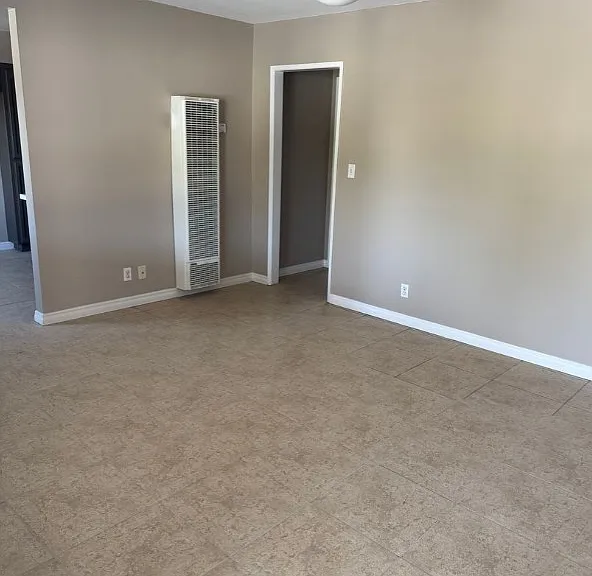 405 S Kroeger St #D — Photo 8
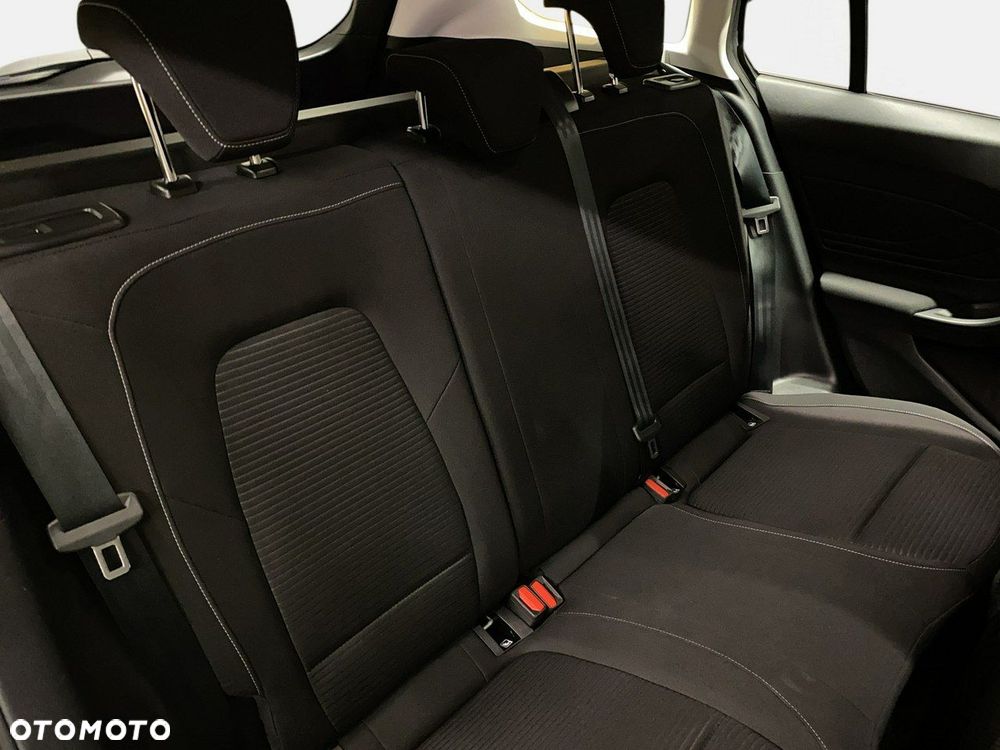 Ford Focus - 17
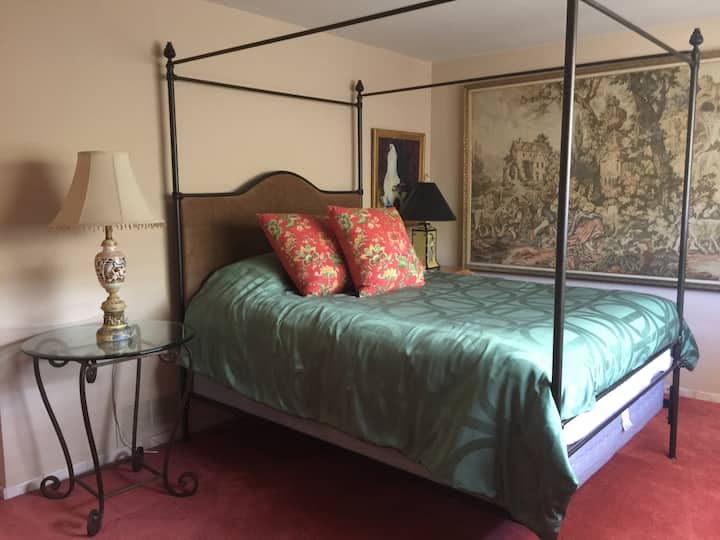 ห้องนอนที่ 4 เตียงควีนไซส์ 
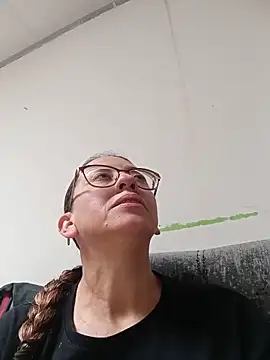miss hanna07 online show from May 2026 04:02:01 PM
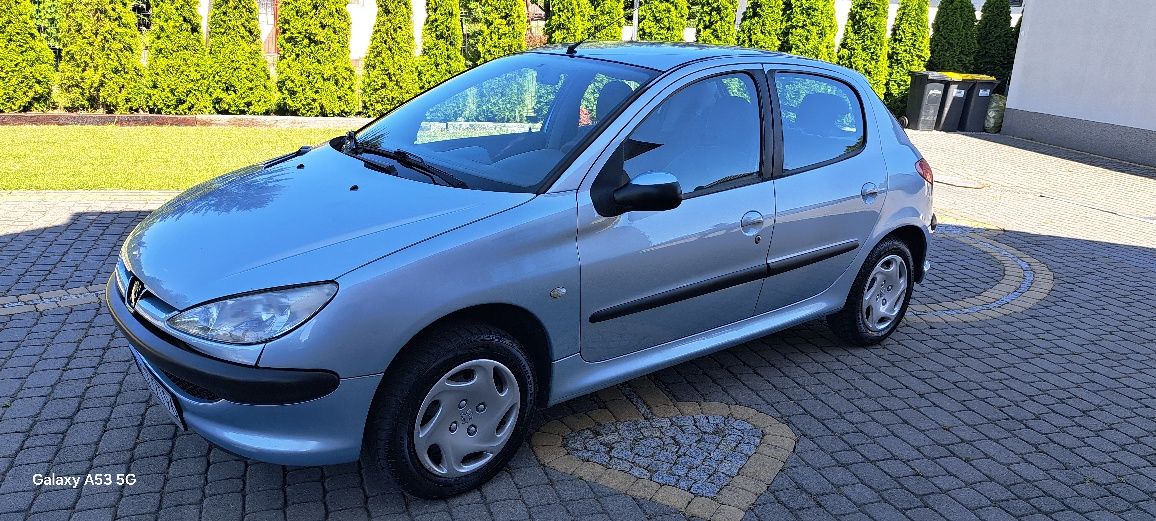 Peugeot 206 1.4 B 2004 r klima sprawna  nowe opony dwa lata w PL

◆ ◆ ◆ ◆

EXERCISE BRIEF — An exact copy of the entries, minus the pictures, is what's needed here.

TASK OUTPUT —
 405 S Kroeger St #D — Photo 8
 Ford Focus - 17
 ห้องนอนที่ 4 เตียงควีนไซส์ 
miss hanna07 online show from May 2026 04:02:01 PM
 Peugeot 206 1.4 B 2004 r klima sprawna  nowe opony dwa lata w PL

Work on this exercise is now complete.